Vivian Maier, NY, 1954
Perceba que até a posição dos pés das mulheres que dão as
mãos para a criança estão simétricos
Vivian Maier, 1970
A distribuição das três figuras e suas sombras também dão o caráter simétrico a essa imagem
REFLEXO: O reflexo é utilizado como efeito fotográfico quando o assunto principal da
imagem aparece refletido ou é duplicado pelo efeito do espelhamento em um vidro, objeto
metálico ou outro material refletor.
Vivian Maier, Nova York, 1953
A imagem do adulto com duas crianças caminhando aparecem refletidas no acúmulo de água no chão.

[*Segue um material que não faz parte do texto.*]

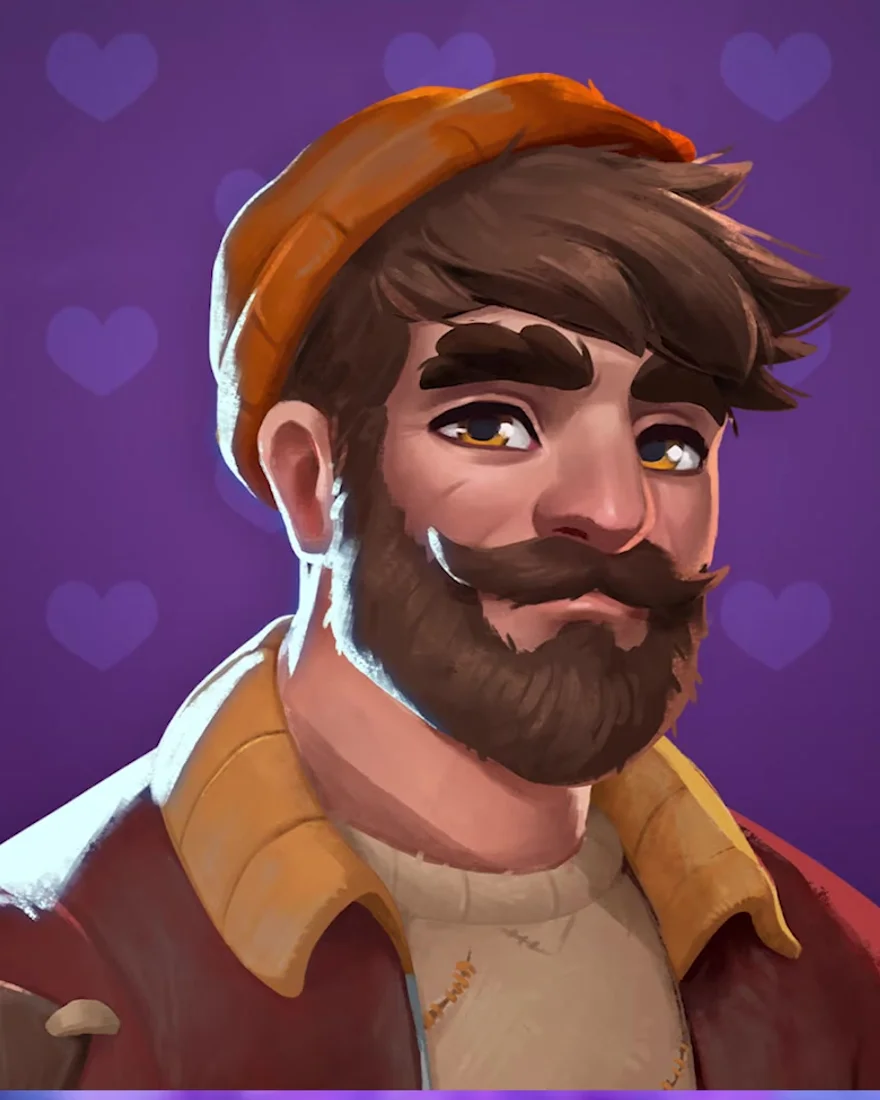 Official Moonlight Peaks character portrait of Ridge, a rugged werewolf carpenter with an orange knit beanie, brown beard and a flannel-collared jacket.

Vivian Maier, Autorretrato, 1955
A própria artista aparece refletida duas vezes no espelho. Isso ocorre, pois há dois espelhos um frente ao outro.
SOMBRA: Nesse método o fotógrafo não focaliza o sujeito ou a cena principal da
imagem, mas sim a sua sombra, em geral, projetada no chão.
Vivian Maier, Autorretrato, 1959
A sombra da fotógrafa e sua bicicleta aparecem projetadas na calçada.
Vivian Maier, Autorretrato, sem data
Perceba a folha seca que estava caída ao chão, foi enquadrada por Vivian ao lado esquerdo da sua sombra,
lugar onde fica o coração humano.
LINHAS GUIAS: Ao utilizar esse recurso, o fotógrafo aproveita de linhas presentes
na imagem para guiar o olhar do observador para o objeto principal a ser retratado. Essas
linhas podem ser decorrentes do piso, de linhas de construções, assim como estruturas
urbanas como pontes e túneis.
Vivian Maier, Nova Iorque, 1954
Além das linhas da calçada e do edifício, as próprias mulheres presentes nessa imagem formam uma fila
estruturada.
Vivian Maier, Ásia, 1959
Aqui o grande barco atracado forma uma linha branca inclinada da direita para esquerda que leva o observador à
pequena mulher carregado a trouxa na cabeça.
Os alunos realizaram, por fim, três fotografias baseadas no uso das regras
composicionais obtendo o seguinte resultado:
Atividade Prática: fotografias seguindo as regras composicionais
Alice Montanari - Regra dos terços
Felipe Dosso - Regra dos terços
Danilo Torres - Reflexo
Gabriela Figueiredo - Regra dos terços
Julia Chaves - Simetria Lira Argolo - Simetria
Hoje, juntos analisamos as fotografias compostas pelos alunos, revendo o trabalho
do semestre todo em meio a um clima agradável de parceria. Os alunos, vendo projetadas
as próprias imagens capturadas, relataram sobre suas composições, enquanto os colegas
realizavam análises técnicas muito apuradas relacionadas ao tema das fotos, assim como
às regras composicionais. Pistas foram apontadas para a criação de melhores composições,
elogios foram tecidas e risadas, muitas risadas fecharam nosso semestre apontando que o
caminho percorrido foi construído de tijolinhos de sentidos que, subjetivamente, foi unindo a
turma, dentro de suas subjetividades, em um mesmo projeto.